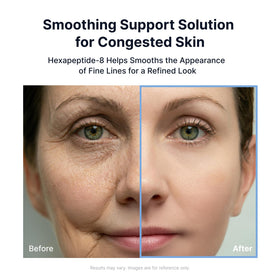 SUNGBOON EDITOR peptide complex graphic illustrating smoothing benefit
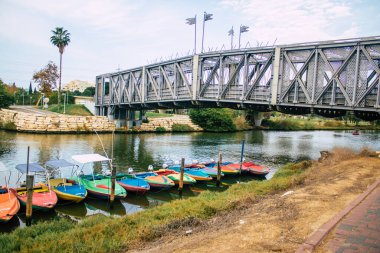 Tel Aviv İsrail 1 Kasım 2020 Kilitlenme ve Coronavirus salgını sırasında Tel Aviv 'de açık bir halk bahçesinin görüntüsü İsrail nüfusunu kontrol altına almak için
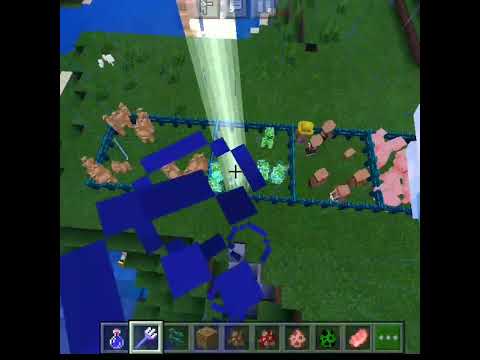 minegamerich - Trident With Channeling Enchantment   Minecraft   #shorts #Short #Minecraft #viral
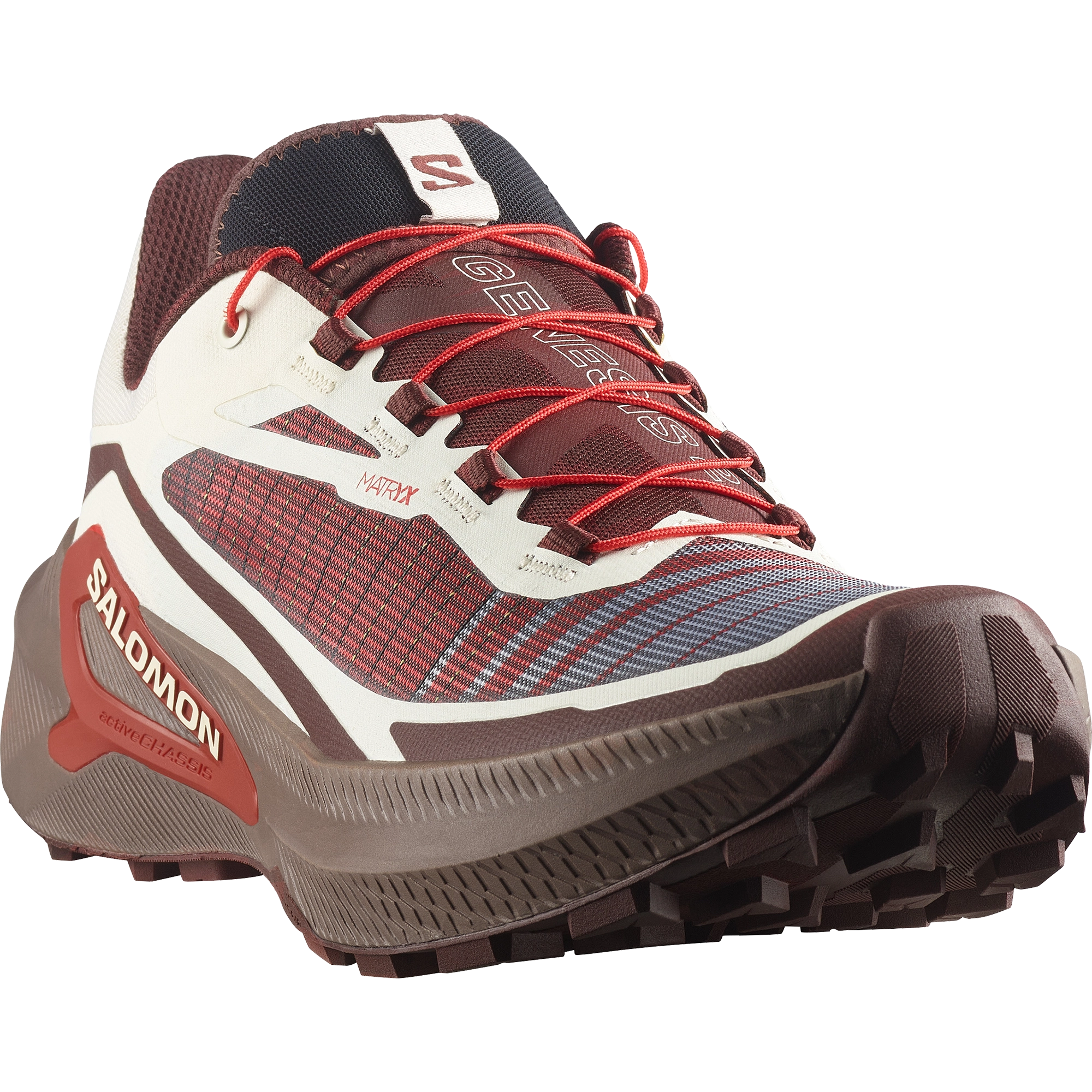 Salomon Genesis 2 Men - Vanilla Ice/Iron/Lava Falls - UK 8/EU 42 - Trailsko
--------------------------------
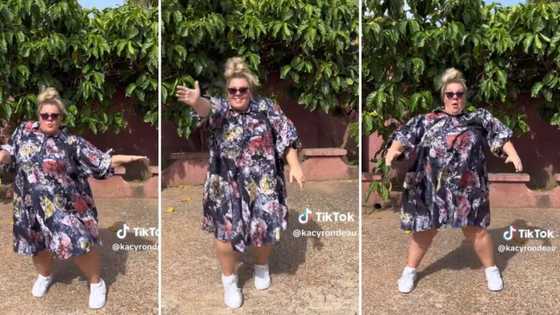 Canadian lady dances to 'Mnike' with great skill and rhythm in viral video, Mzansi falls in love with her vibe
--------------------------------
* Task item: Starting at the line containing "SUNGBOON EDITOR peptide" and finishing at the line containing "Salomon Genesis 2", return those lines exactly as they appear above, without the pictures.

* Completed task:
 SUNGBOON EDITOR peptide complex graphic illustrating smoothing benefit
 Tel Aviv İsrail 1 Kasım 2020 Kilitlenme ve Coronavirus salgını sırasında Tel Aviv 'de açık bir halk bahçesinin görüntüsü İsrail nüfusunu kontrol altına almak için
 minegamerich - Trident With Channeling Enchantment   Minecraft   #shorts #Short #Minecraft #viral
 Salomon Genesis 2 Men - Vanilla Ice/Iron/Lava Falls - UK 8/EU 42 - Trailsko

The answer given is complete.